Load Distribution in Dorsally-Angulated Distal Radius Deformity Using Finite Element Analysis.

PURPOSE

The load axis of the carpals is located on the volar side of the normal distal radius. A volar lunate facet fracture (VLFF) is exposed to volar-shearing stress, which can cause volar displacement of the carpus. A previous biomechanical study reported that the load at the scaphoid fossa was located more dorsally and the pressure at the lunate fossa decreased in a dorsally-angulated model. However, the distal radius load distribution for various volar tilts remains unclear.
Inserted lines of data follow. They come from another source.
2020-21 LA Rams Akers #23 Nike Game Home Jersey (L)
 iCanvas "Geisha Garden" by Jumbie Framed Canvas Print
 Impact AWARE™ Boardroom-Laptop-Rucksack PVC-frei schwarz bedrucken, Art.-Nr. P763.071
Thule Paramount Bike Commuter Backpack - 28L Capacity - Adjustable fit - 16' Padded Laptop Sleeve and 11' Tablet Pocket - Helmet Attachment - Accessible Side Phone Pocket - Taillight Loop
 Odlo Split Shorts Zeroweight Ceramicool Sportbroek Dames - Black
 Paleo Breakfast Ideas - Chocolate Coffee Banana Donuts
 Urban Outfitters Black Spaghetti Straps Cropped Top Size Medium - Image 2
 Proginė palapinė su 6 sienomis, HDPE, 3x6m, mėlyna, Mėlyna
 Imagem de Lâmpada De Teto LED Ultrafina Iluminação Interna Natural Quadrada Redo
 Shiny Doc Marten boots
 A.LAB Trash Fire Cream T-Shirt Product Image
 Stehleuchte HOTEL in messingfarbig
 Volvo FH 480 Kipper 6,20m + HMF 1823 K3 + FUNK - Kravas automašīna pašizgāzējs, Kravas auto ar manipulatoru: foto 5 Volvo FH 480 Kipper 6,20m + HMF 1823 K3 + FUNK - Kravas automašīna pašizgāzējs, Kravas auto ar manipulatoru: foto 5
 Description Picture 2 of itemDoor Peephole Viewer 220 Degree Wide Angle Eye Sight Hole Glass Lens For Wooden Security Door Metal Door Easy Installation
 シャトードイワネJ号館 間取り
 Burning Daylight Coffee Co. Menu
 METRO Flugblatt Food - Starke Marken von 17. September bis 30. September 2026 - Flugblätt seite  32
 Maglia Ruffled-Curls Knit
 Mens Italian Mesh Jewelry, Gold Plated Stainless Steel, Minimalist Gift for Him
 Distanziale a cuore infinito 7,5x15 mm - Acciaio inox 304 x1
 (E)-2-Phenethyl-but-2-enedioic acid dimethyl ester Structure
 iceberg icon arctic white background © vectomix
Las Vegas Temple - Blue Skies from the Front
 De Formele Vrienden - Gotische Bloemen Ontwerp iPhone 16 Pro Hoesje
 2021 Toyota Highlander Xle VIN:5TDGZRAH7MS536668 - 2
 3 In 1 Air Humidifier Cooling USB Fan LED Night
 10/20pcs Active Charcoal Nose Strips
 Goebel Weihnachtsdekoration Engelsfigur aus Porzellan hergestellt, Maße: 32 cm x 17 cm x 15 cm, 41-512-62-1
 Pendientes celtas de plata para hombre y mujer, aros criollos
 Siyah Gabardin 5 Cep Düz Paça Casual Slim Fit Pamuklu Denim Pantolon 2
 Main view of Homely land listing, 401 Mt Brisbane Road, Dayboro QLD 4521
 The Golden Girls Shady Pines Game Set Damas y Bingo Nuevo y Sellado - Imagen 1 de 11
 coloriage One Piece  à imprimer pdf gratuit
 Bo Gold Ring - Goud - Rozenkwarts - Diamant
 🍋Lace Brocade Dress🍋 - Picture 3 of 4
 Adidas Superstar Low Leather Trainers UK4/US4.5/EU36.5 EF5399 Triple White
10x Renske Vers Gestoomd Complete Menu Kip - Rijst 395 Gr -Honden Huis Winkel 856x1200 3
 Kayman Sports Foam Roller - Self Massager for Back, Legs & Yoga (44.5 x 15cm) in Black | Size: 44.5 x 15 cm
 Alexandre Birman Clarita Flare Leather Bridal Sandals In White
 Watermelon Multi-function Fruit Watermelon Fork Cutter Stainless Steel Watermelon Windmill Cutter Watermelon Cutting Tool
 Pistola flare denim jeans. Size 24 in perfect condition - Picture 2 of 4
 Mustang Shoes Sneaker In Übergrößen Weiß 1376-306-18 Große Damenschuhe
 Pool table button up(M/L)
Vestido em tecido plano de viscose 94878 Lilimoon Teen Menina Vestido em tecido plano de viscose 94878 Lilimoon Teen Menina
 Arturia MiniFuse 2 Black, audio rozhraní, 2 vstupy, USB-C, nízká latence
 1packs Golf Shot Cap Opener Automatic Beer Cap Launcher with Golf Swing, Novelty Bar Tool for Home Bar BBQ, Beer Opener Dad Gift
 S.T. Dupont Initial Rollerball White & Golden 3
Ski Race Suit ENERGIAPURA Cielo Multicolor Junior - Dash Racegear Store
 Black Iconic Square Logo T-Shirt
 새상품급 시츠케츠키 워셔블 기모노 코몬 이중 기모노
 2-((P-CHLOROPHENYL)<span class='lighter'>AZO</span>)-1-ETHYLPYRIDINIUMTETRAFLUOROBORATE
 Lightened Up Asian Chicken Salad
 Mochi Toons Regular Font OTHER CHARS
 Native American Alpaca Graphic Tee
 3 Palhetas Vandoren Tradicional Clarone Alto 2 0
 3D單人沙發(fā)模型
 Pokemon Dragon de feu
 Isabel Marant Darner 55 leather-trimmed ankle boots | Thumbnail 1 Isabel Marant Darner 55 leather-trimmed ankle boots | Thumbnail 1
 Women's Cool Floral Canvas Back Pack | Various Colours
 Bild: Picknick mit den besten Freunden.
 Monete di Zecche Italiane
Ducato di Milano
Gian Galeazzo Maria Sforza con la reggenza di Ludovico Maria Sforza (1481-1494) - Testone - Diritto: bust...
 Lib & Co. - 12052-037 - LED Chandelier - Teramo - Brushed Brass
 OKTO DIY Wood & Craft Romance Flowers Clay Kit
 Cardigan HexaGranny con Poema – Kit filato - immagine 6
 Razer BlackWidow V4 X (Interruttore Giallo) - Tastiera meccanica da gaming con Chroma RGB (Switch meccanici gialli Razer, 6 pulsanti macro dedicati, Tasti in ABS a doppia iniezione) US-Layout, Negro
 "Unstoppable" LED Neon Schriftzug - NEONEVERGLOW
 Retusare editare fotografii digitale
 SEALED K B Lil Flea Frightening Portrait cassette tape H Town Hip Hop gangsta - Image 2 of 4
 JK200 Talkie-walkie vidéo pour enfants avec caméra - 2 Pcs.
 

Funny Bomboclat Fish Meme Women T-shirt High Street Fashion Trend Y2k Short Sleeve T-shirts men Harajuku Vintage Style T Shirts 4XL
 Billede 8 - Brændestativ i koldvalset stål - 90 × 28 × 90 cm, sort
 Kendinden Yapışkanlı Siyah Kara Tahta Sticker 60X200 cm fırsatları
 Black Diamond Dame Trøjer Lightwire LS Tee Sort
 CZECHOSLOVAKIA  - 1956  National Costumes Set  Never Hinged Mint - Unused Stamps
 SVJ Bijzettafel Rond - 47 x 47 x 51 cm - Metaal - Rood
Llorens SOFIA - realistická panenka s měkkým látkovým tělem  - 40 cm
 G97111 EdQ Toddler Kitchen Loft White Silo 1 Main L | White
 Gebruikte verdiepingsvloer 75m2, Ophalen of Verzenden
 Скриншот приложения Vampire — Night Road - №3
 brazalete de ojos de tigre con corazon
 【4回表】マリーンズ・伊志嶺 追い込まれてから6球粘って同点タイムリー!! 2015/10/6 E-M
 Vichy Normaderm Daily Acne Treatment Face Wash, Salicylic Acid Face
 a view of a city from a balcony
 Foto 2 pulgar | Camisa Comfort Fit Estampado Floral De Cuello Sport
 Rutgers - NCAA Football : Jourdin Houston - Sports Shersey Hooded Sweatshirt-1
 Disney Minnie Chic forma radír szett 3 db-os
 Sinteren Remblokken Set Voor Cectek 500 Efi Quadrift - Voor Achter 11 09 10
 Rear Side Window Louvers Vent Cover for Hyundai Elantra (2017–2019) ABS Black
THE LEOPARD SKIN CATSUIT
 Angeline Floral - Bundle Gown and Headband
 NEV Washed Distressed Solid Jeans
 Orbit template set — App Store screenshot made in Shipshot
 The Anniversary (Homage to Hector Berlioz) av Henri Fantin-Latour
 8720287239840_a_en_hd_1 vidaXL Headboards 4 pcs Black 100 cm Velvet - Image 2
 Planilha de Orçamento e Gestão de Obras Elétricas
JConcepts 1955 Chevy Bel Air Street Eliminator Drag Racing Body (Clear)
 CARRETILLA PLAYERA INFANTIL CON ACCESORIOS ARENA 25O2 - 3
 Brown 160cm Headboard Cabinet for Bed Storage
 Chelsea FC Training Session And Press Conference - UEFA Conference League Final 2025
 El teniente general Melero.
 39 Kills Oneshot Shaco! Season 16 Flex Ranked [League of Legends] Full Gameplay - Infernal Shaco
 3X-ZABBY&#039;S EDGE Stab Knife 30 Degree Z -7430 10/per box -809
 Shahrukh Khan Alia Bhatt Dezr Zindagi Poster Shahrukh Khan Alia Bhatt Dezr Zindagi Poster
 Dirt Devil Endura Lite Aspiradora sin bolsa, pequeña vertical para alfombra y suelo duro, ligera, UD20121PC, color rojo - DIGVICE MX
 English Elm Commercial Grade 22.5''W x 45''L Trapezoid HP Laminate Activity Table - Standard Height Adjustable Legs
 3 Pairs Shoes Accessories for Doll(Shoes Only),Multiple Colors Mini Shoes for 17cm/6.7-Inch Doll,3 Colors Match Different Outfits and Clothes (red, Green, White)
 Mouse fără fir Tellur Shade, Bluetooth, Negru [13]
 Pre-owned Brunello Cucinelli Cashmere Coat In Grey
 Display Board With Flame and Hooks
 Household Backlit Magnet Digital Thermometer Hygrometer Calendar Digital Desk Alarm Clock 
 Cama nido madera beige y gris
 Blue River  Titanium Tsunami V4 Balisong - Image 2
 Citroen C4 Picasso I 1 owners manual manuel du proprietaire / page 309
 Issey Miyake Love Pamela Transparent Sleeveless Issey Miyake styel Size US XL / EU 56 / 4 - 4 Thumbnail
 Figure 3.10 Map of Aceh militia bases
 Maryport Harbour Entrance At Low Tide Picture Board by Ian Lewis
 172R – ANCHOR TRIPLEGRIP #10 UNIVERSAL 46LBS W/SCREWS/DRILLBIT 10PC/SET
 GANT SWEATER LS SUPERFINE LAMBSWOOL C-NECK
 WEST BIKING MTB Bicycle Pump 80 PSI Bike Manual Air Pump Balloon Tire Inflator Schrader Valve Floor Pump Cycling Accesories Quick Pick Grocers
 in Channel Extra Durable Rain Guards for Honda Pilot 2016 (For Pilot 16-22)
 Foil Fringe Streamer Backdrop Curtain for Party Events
We speculate that if the volar tilt decreases, the load distribution moves dorsally and decreases the stress on the VLFF. Therefore, we analyzed a dorsally-angulated distal radius model to evaluate changes in the load distribution using finite element analysis.

METHODS

A 3-dimensional finite element wrist model was developed using computed tomography images. The ligaments were modeled as tension-only spring elements. We considered the intact wrist model for a volar tilt of 15° and created 5 additional models for volar tilts of 10°, 5°, 0°, -5°, and -10°.

RESULTS

As the dorsal angulation increased, the stress distribution moved from volar to dorsal and from the lunate fossa toward the scaphoid fossa. The maximum stress on the volar lunate facet was reduced as volar tilt decreased. The maximum stress was higher on the lunate fossa for volar tilts from 15° to 5°. In contrast, the maximum stress was higher on the scaphoid fossa for volar tilts of ≤0°.

CONCLUSIONS

Load transmission moved from volar to dorsal and from the lunate fossa to the scaphoid fossa when the volar tilt decreased. Therefore, a decrease in the volar tilt would reduce the load on the VLFF.

CLINICAL RELEVANCE

This study provides surgeons accurate knowledge regarding load distribution of the distal radius for various volar tilts that could be helpful in treating patients with VLFFs.